IF 9.1 2区 医学 Q1 Medicine Pub Date : 2022-12-01 Epub Date: 2022-01-22 DOI: 10.1007/s12016-021-08917-7
Xin Huang, Qing Zhang, Huilin Zhang, Qianjin Lu

Systemic lupus erythematosus (SLE) is a complicated autoimmune disease with female susceptibility. It is characterized by over-activation of the immune system and deposit of autoimmune complex in multiple organs. High heterogeneity, unpredictable disease course of SLE as well as the lack of specific and sensitive biomarkers posed diagnostic challenges to clinicians. Despite the complicated clinical presentation and pathogenesis of SLE, research regarding this disease has made many significant breakthroughs over the past decades. Some new learning can potentially be translated into clinical practice. In addition, new classification criteria to increase diagnostic accuracy were defined in 2019 by the European League Against Rheumatism/American College of Rheumatology (EULAR/ACR). Real-world studies have accumulated evidence for the adoption of this new classification criteria. Abundant classification criteria, improved recognition of organ-specific manifestations, and updated knowledge about lupus autoantibodies enable earlier diagnosis and more personalized medicine. Thus, it is important to update our knowledge about the latest clinical practices for lupus diagnosis. This review provides new insight into the diagnosis of SLE by summarizing recent advances in epidemiology, etiology, classification criteria, clinical manifestations, and study of autoantibodies.

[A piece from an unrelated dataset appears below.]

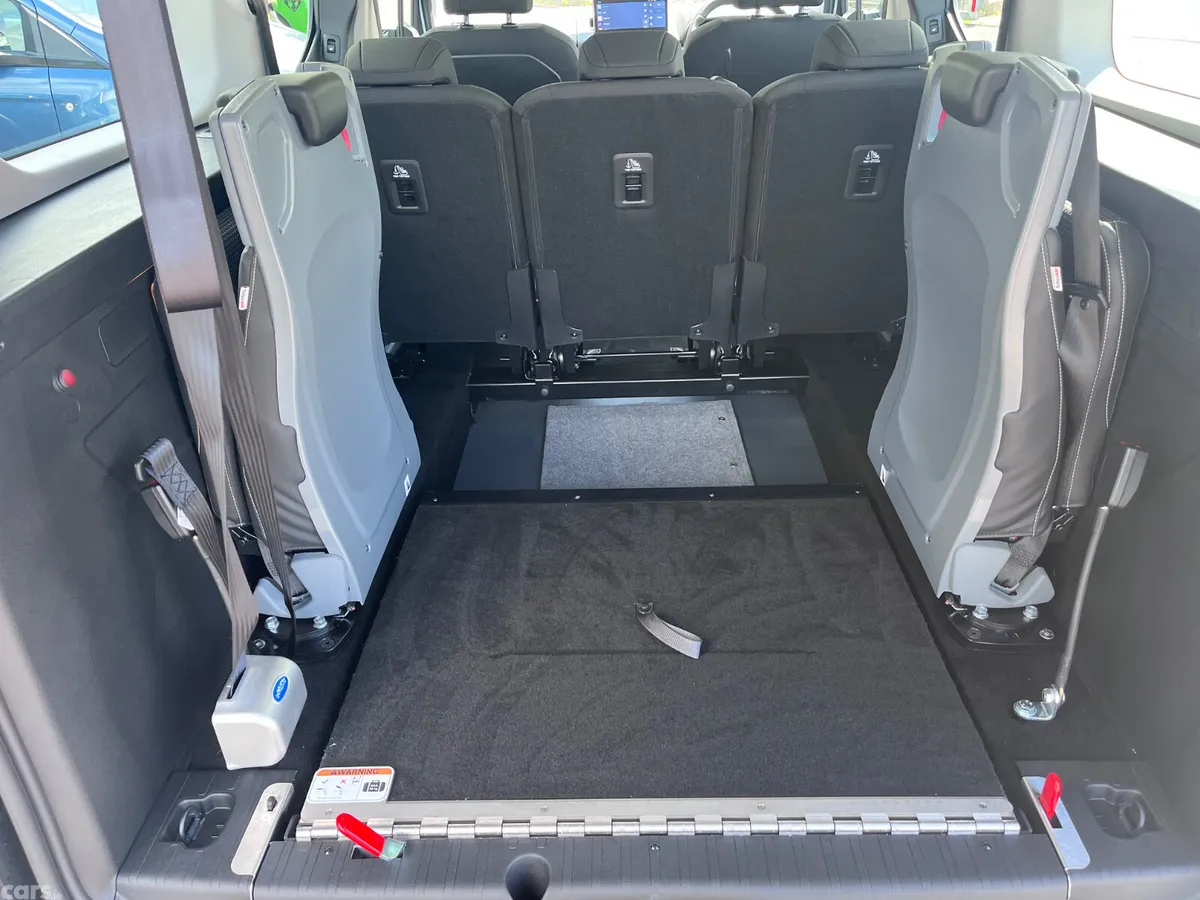 Citroen Berlingo Multispace MPV, Diesel, 2026, Silver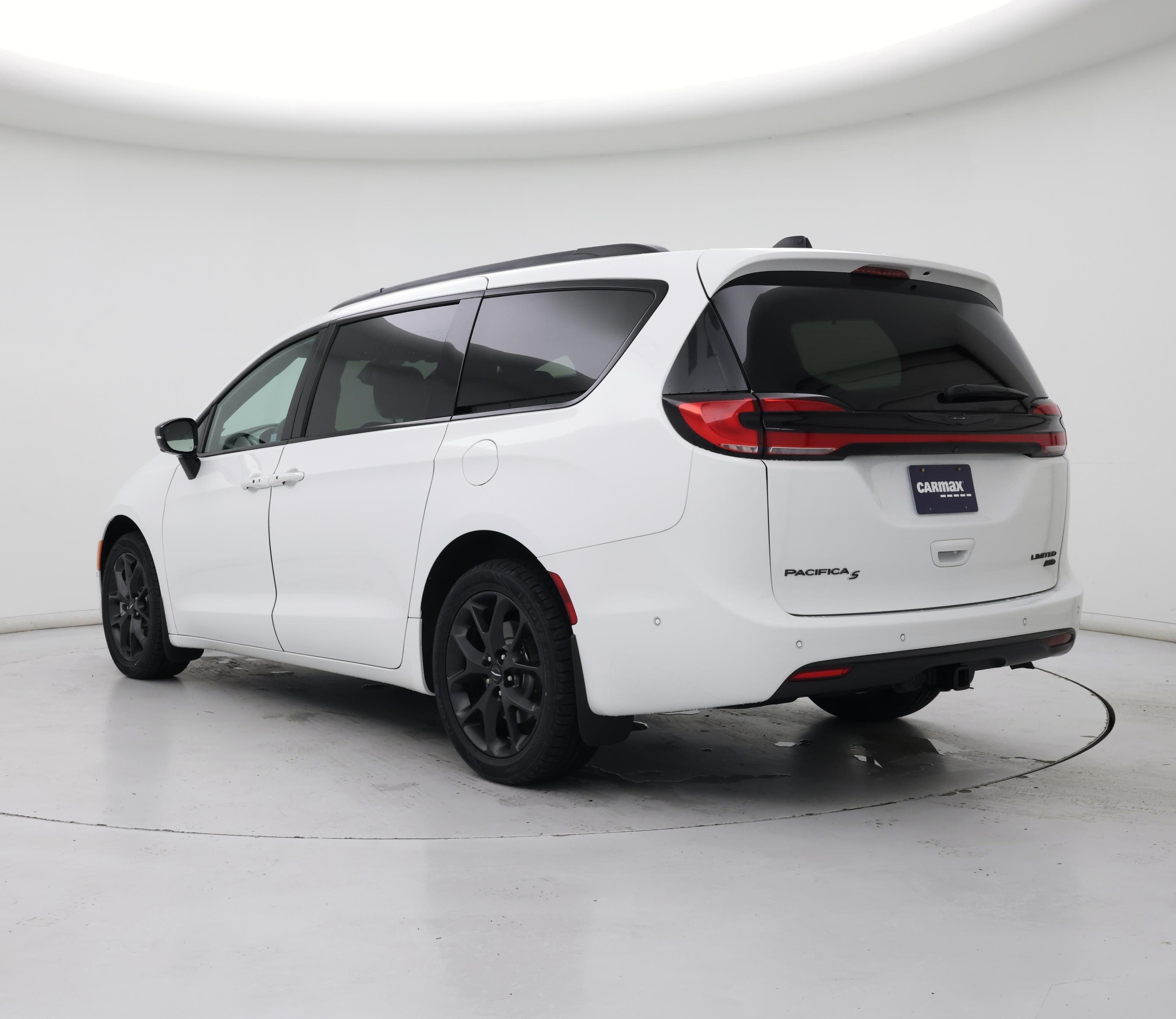 Thumbnail: 2024 Chrysler Pacifica - 2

系统性红斑狼疮(SLE)是一种复杂的自身免疫性疾病,女性易感。其特点是免疫系统过度激活,自身免疫复合物在多器官沉积。SLE的高异质性、不可预测的病程以及缺乏特异性和敏感性的生物标志物给临床医生带来了诊断挑战。尽管SLE的临床表现和发病机制复杂,但在过去的几十年里,对该病的研究取得了许多重大突破。一些新的知识可以潜在地转化为临床实践。此外,欧洲抗风湿病联盟/美国风湿病学会(EULAR/ACR)在2019年定义了新的分类标准,以提高诊断准确性。现实世界的研究已经为采用这一新的分类标准积累了证据。丰富的分类标准,提高了对器官特异性表现的认识,以及更新了对狼疮自身抗体的认识,使狼疮的早期诊断和更个性化的治疗成为可能。因此,更新我们关于狼疮诊断的最新临床实践的知识是很重要的。本文综述了近年来在流行病学、病因学、分类标准、临床表现和自身抗体研究方面的进展,为SLE的诊断提供了新的见解。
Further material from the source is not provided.